After enclamiphene came along, Jones says his level jumped to 730. “I definitely feel more energized, more calm, more focused,” he says. “Just overall stronger and better.” In the afternoon, the extra cups of coffee he needed from time to time in the afternoon were reduced. And his vertical – Jones working with a dungeon simulator – has risen eight inches.

Although testosterone therapy offers benefits, some doctors warn against not resorting to testosterone replacement right away if you feel tired or less strong in the bedroom.

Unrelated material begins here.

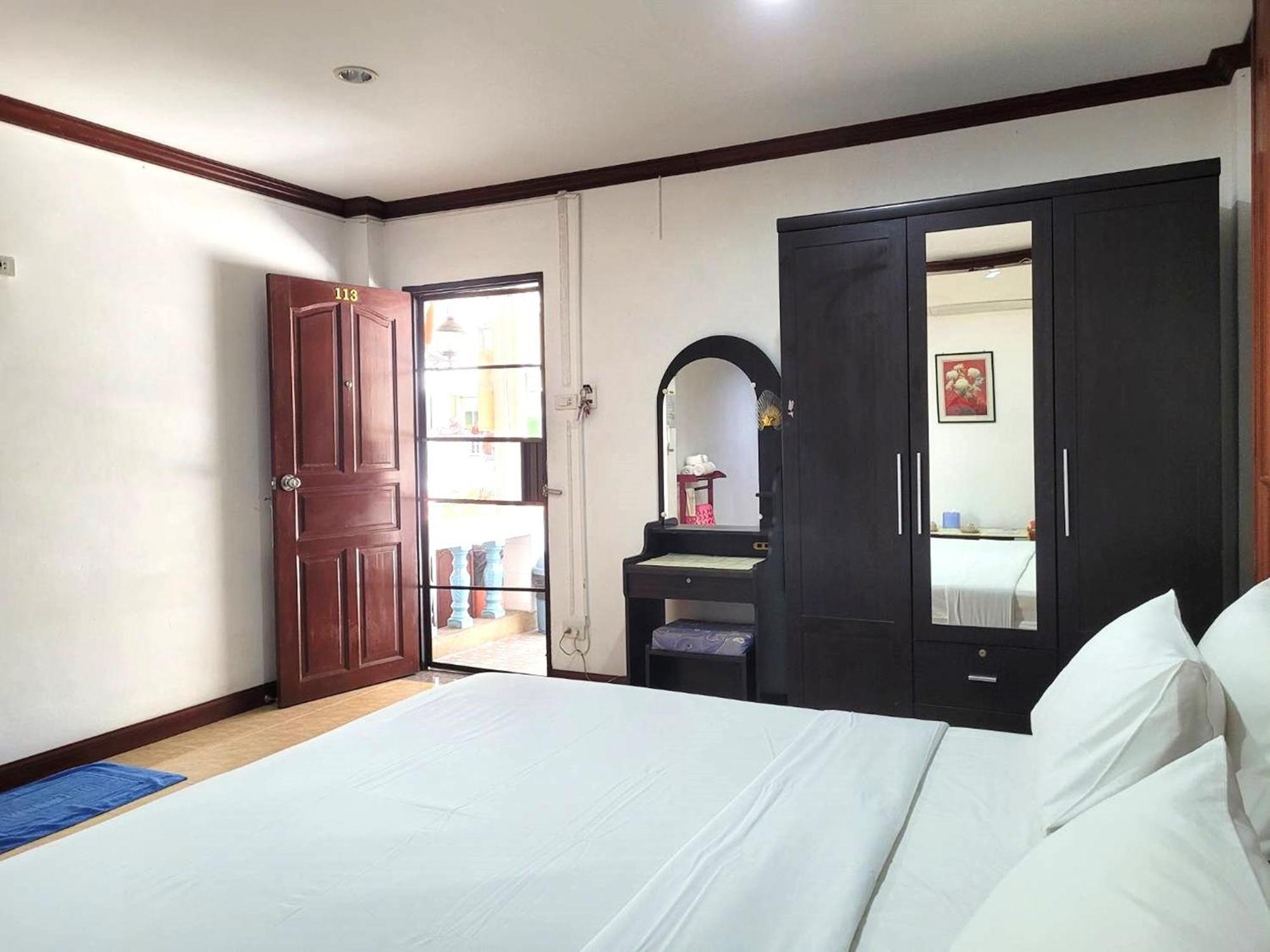 Rabbit Mansion Patong Hotel Ngoại thất bức ảnh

“All of these lifestyle factors cause low testosterone or simulate the symptoms of low testosterone,” says Dr. Kenneth Litvin, a doctor who works with Fitzgerald at Sandy Hook Clinic in Connecticut. “If you help a person figure it out and help them work on all of these things, they may never need testosterone.”

This is because testosterone levels can be affected by many factors. Eight hours of sleep or correction of nutritional deficiencies, such as low vitamin D levels, will return your testosterone to its natural baseline level. Strength training, finding ways to reduce stress and quitting smoking are also key.